Member of the Pennsylvania House of Representatives from the 163rd district
- In office January 2, 1979 – 2014
- Preceded by: Joseph T. Doyle
- Succeeded by: James Santora

Personal details
- Born: September 7, 1930 Philadelphia, Pennsylvania
- Died: July 28, 2020 (aged 89)
- Party: Republican
- Alma mater: St. Joseph's College, Villanova University
- Occupation: U.S. Air Force, retired

= Nicholas Micozzie =

American politician (1930–2020)

Nicholas Anthony Micozzie (September 7, 1930 – July 28, 2020) was an American politician who served as a Republican member of the Pennsylvania House of Representatives for the 163rd district from 1979 to 2014.

==Early life and education==
The son of Camillo and Josephine (née Maffei) Micozzie, Nicholas Micozzie was born in Philadelphia, Pennsylvania and graduated from St. Thomas More High School. He obtained a B.S. in business administration from St. Joseph's College in 1963 and a degree in electrical engineering from Villanova University in 1968.

He served as staff sergeant in the United States Air Force from 1950 to 1954 during the Korean War.

==Career==
Micozzie worked for General Electric and in real estate. He was elected commissioner in Upper Darby Township, Pennsylvania as a Democrat and served from 1971 to 1989. He switched to the Republican Party in 1978 and was elected to the Pennsylvania House of Representatives for the 163rd district.

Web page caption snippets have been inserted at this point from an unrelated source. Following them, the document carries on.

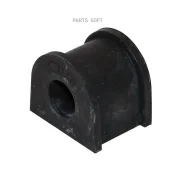 ������ ������������� | ��� ����/��� | CTR GV0431 / CVSU-12 GV0431 ����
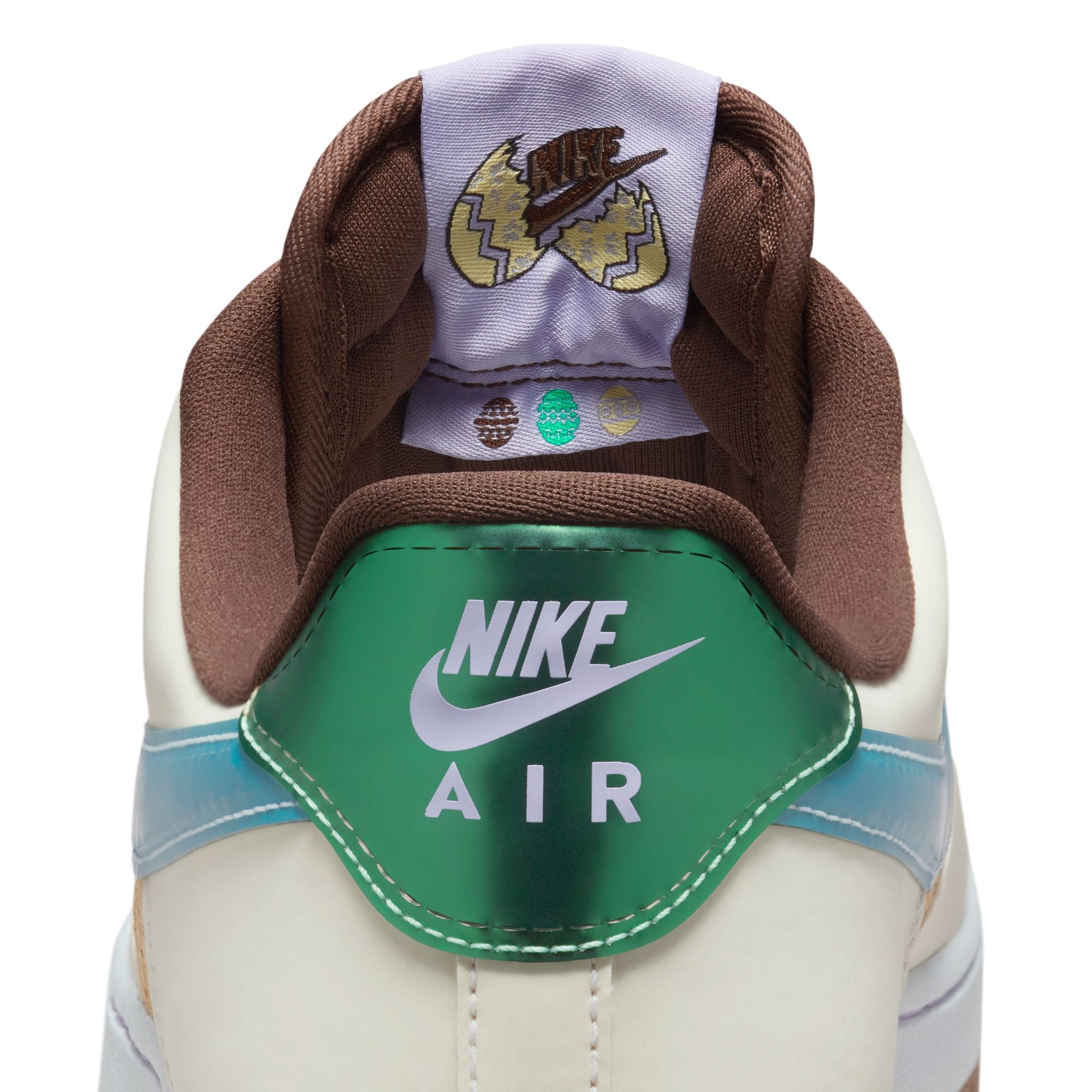 Nike Air Force 1 Retro-thumbmail-17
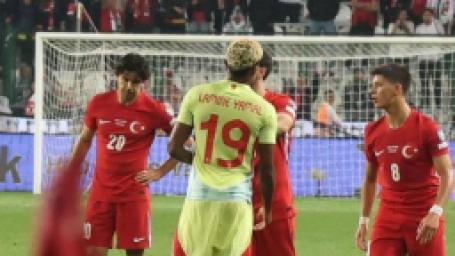 turkiye-ispanya-macinin-akabinde-usta-isimden-sert-tenkit-sadece-yenilmedik-ozguvenimiz-kirildi-incindik-gercekler-aci-verici-5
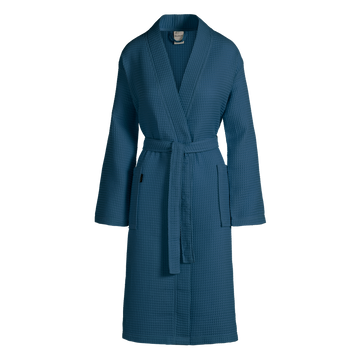 BIARRITZ badjas | navy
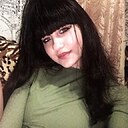 Влада, 25 лет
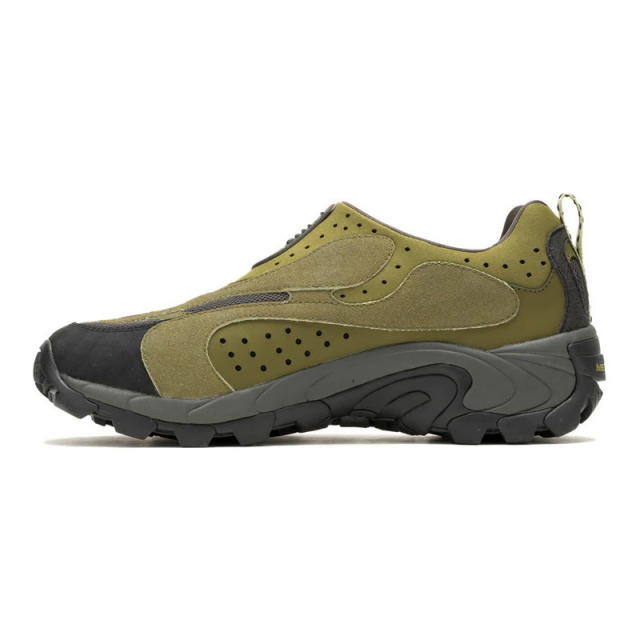 MERRELLメレルMOCSPEEDSTREAKEVOモックスピードストリークエボJ006115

He was reelected to seventeen consecutive terms and served until 2014. He was not a candidate for reelection in 2014.

==Personal==
Micozzie and his wife had three children, seven grandchildren, and five great-grandchildren. He was the father of former Upper Darby mayor Thomas Micozzie.

Micozzie died on July 28, 2020, following a fall on July 23, 2020.

==Legacy==
A bridge on Garrett Road in Upper Darby Township, Pennsylvania was renamed the Honorable Nicholas A. Micozzie Bridge in his honor.